= Wipe test counter =

A wipe test counter is a device used to measure for possible radioactive contamination in a variety of environments. When using radioactive materials it is necessary to test for accidental contamination, whether from use of liquid unsealed sources or to check for leaking sealed sources. A swab or small absorbent smear can be used to “wipe” an area, the wipe is then placed into a test tube and counted, typically using a gamma counter. Testing for leaks in this manner is a method described in the ISO 9978 standard.

==Equipment==
Survey instruments may be used to detect surface contamination without requiring wiping, however this requires careful calibration and technique to ensure adequate sensitivity is achieved.

A gamma counter is a typical choice for measuring wipe samples for radioactivity as it allows multiple tests to be counted in a largely automated way.
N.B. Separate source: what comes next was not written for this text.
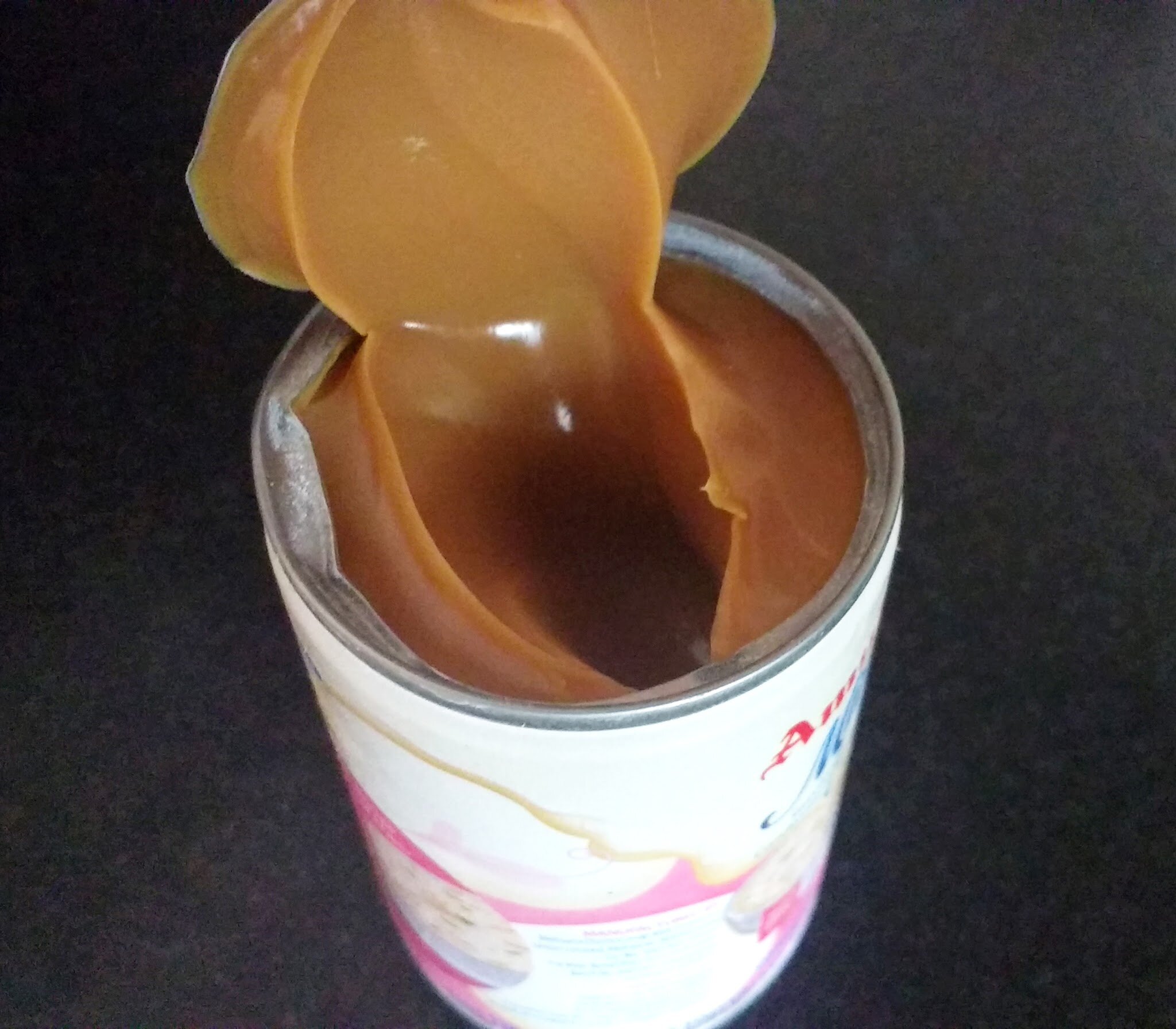 Dulce de leche prepared from condensed milk can.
These systems detect radiation using a scintillator and photomultiplier tube and may allow the energy spectrum of a sample to be recorded, which can be used to identify the contaminant.

Use of a gamma camera has also been proposed, where collimators are removed to improve sensitivity.

==Regulation==
Wipe testing is typically a requirement of licenses to hold radioactive materials. In the United States the Nuclear Regulatory Commission requires wipe testing of sealed sources "periodically" using equipment sensitive down to 185 Becquerels. In the United Kingdom the Health and Safety Executive guidance for the Ionising Radiations Regulations 1999 requires wipe testing (usually every two years) and it is also likely to be a requirement of Environment Agency permits. In Australia licence conditions may require adherence to Australian standard AS2243.4 and ISO 9978 for wipe testing of sealed sources.